PROBLEM DESCRIPTION.
Task for the records below: copy exactly, and only, the line containing "It was called" and every line after it to the end, with pictures left out.

Dataset items
-=-=-
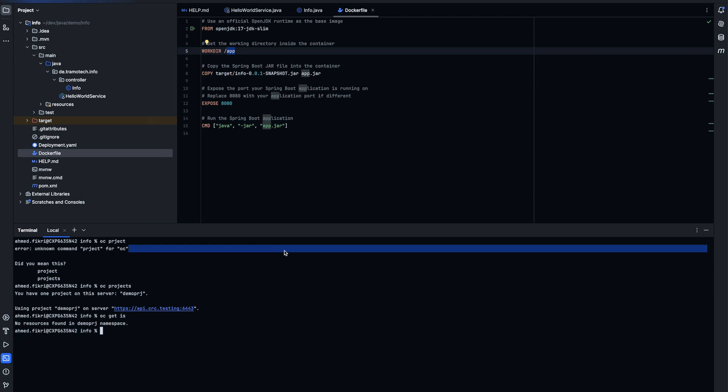So first we will use this command to tag. We specify tag for our image like this because it is required by OpenShift. So this is our image and we need to specify the registry.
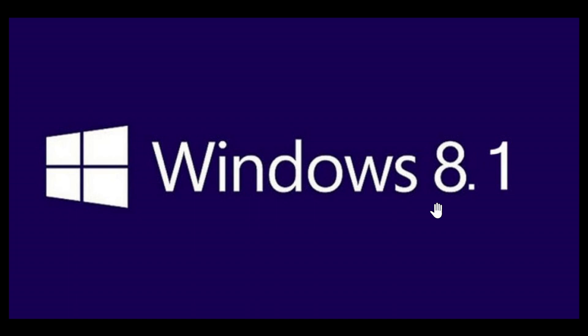In fact, the January patch Tuesday security updates will be the last updates Windows 8.1 will get. It is end of the line for Windows 8.1, so you've got to start thinking about what you're going to do. You got a little more than six months left.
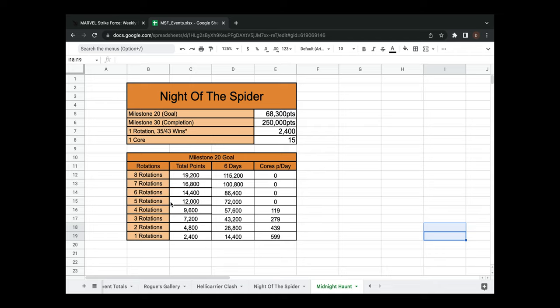And you do not need to spend a single core in this event to hit that milestone of 20. If you do, if you want to blitz, let's say four rotations a day, you're spending about 119 cores a day.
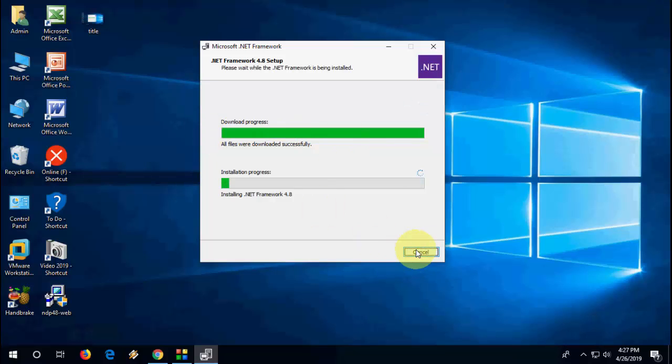So after install is complete, you will get the Finish option here, so just click on Finish, and that's it, your .NET 4.8 will successfully install to your PC.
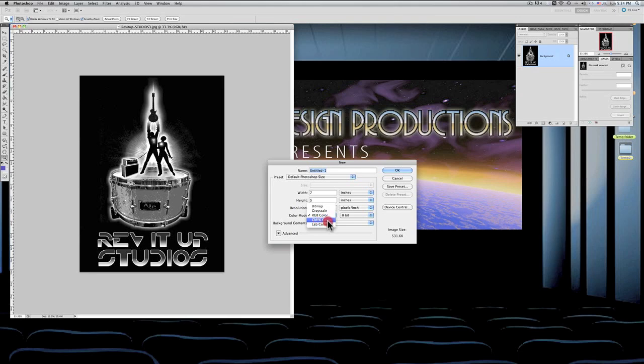And those colors are cyan—that's the C—M is magenta, Y is yellow, and K is black. Now those are the colors that you're going to be using, or the printer will be using when he prints. So therefore you have to have your work, if you're going to have it printed, in CMYK format.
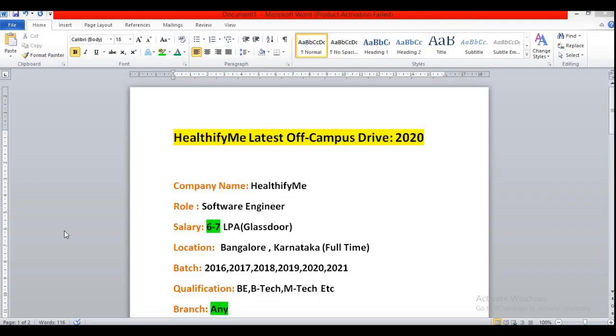Hello guys, I am again back with a new job opportunity. So this time all are eligible for this role or for this company irrespective of their year of pass out or their branch.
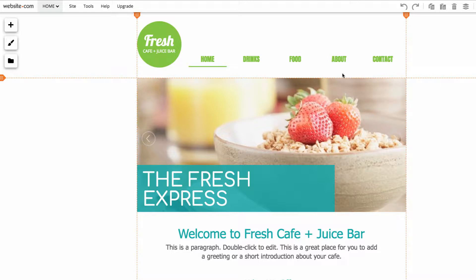This means that with the mobile editor, you can make your website more optimized for use on a phone. Mobile optimization is also an important factor for being seen on search engine results. So we're here on my fresh cafe and juice bar site and you can see it looks pretty good.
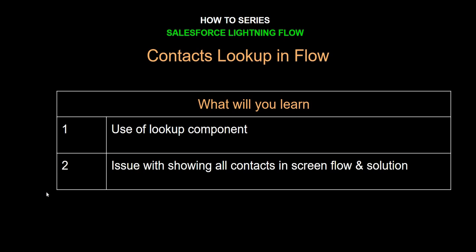In this video, we're going to learn about how to use Lookup Component to show all the contacts in your org in the ScreenFlow.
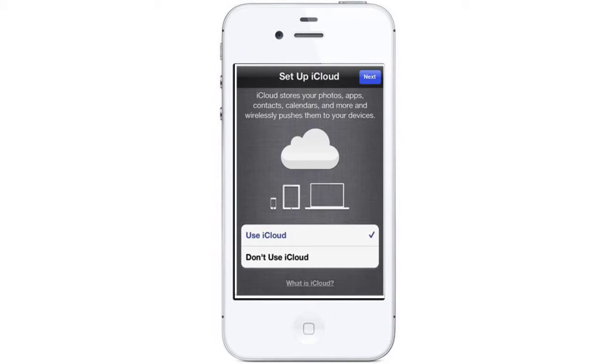Using iCloud lets you synchronize settings and content between your Mac, PC, and iOS devices. It also allows you to back up your iOS device wirelessly to the Internet.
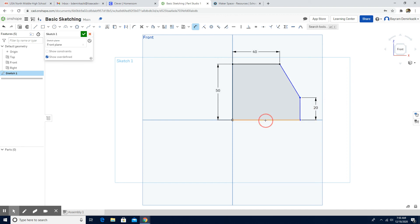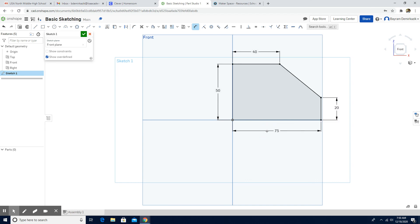And this part is 75. As you can see, it is complete and the color turns to black, so it means this sketch is fully constrained. Have a wonderful day.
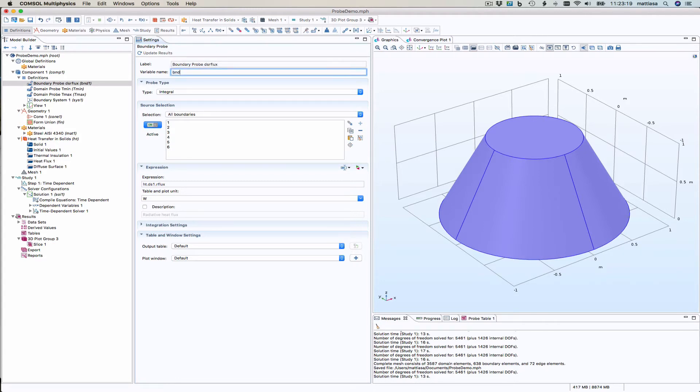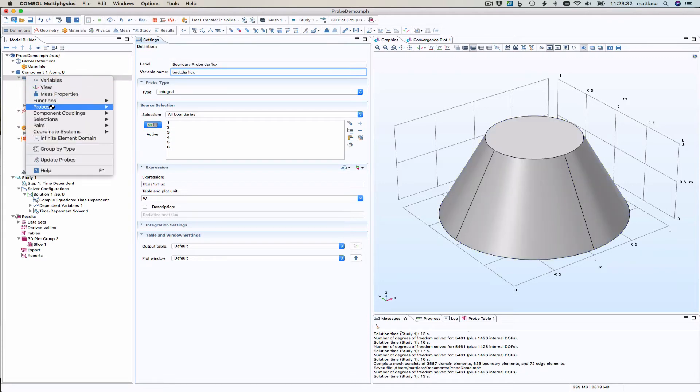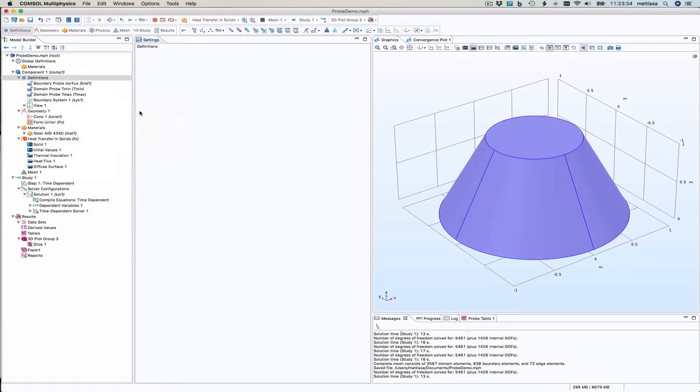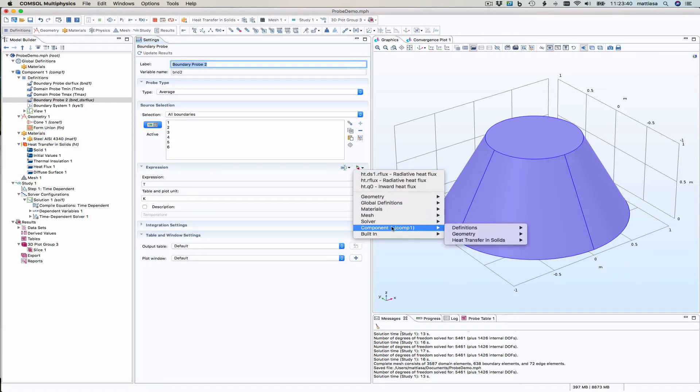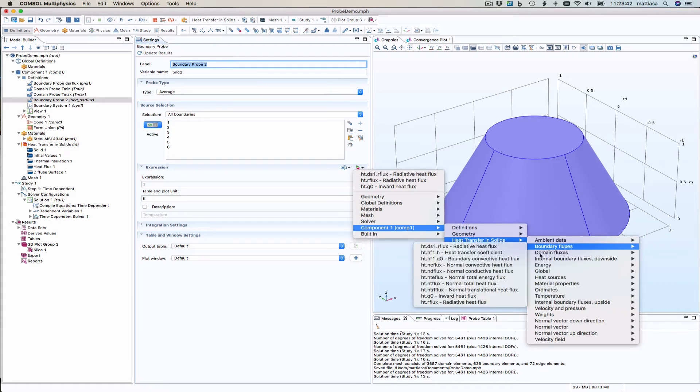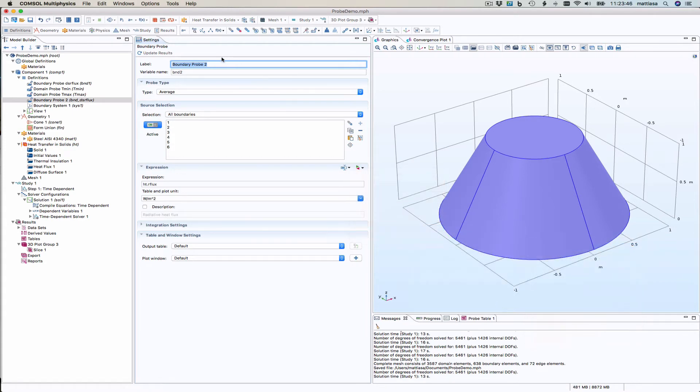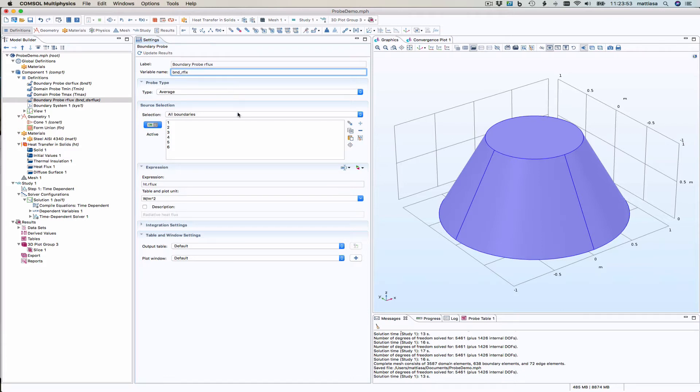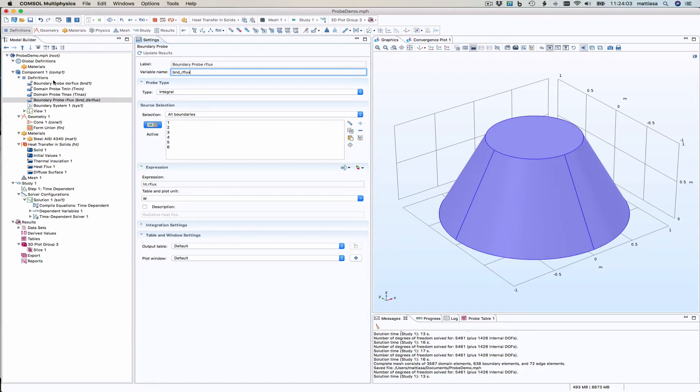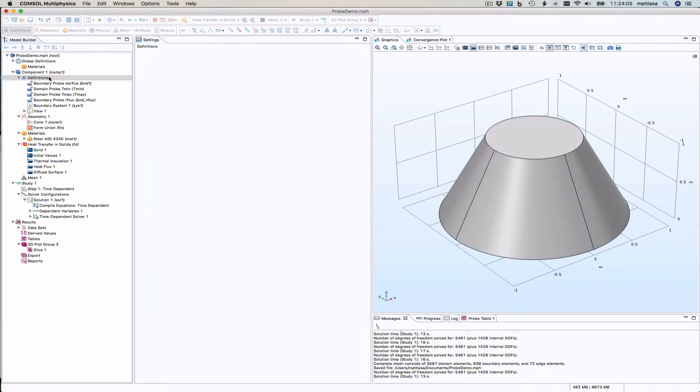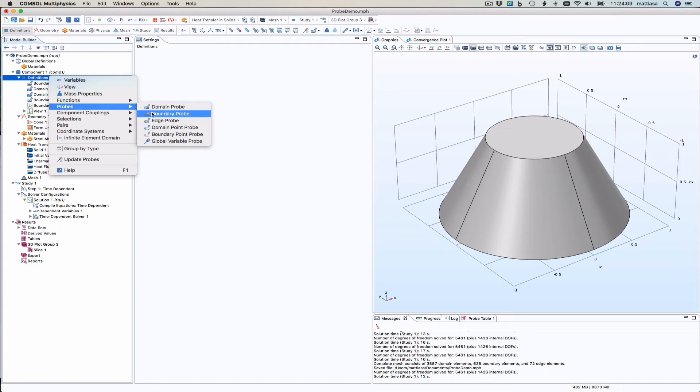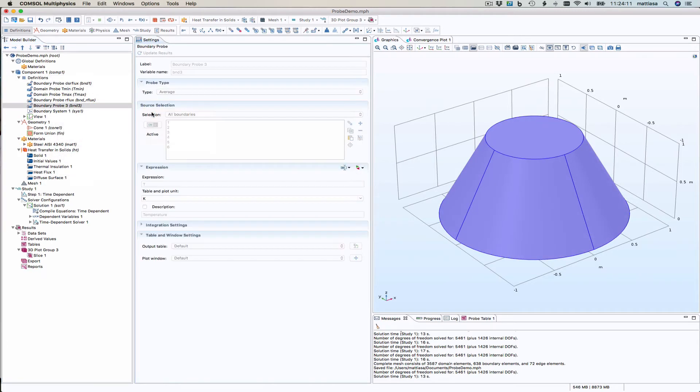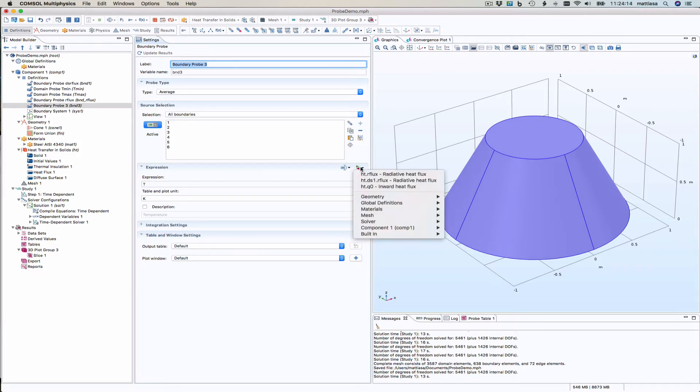It was called boundary DSR flux integral. Let's take the other one, boundary probe. The other one was only called RFlux. So boundary flux, radiative heat flux. Let's call this one RFlux. And the integral. I'm not sure which one to use right now, but we need something else.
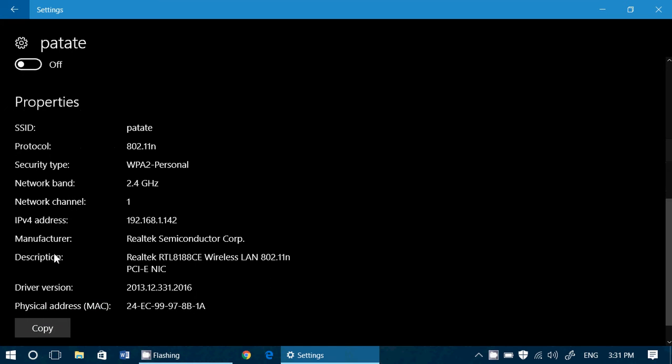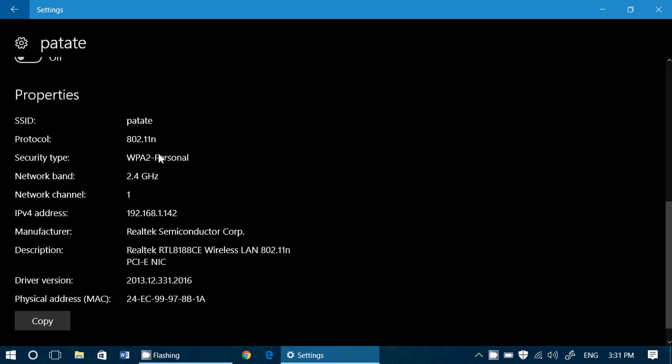And then you've got a list of the properties like the SSID, which is the name of your network. The protocol of connection, so what type of connection you have. This is an N connection for example. Security type WPA2 personal. The network band, the frequency used by your network.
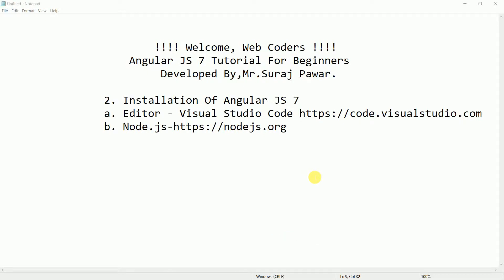Welcome web coders to the AngularJS tutorial for beginners. In the last video tutorial we talked about some features related to AngularJS 7, the history of AngularJS, introduction to AngularJS, what is AngularJS, and some history and versions, and why we use AngularJS as a web application development framework.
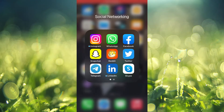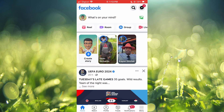Hello, welcome to Simple Answers. In this video I'll be showing you how to change your Facebook feed. First, let's go into Facebook, and right in between profile and notifications,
-=-=-
YOUR SOLUTION.
It was called boundary DSR flux integral. Let's take the other one, boundary probe. The other one was only called RFlux. So boundary flux, radiative heat flux. Let's call this one RFlux. And the integral. I'm not sure which one to use right now, but we need something else.
And then you've got a list of the properties like the SSID, which is the name of your network. The protocol of connection, so what type of connection you have. This is an N connection for example. Security type WPA2 personal. The network band, the frequency used by your network.
Welcome web coders to the AngularJS tutorial for beginners. In the last video tutorial we talked about some features related to AngularJS 7, the history of AngularJS, introduction to AngularJS, what is AngularJS, and some history and versions, and why we use AngularJS as a web application development framework.
Hello, welcome to Simple Answers. In this video I'll be showing you how to change your Facebook feed. First, let's go into Facebook, and right in between profile and notifications,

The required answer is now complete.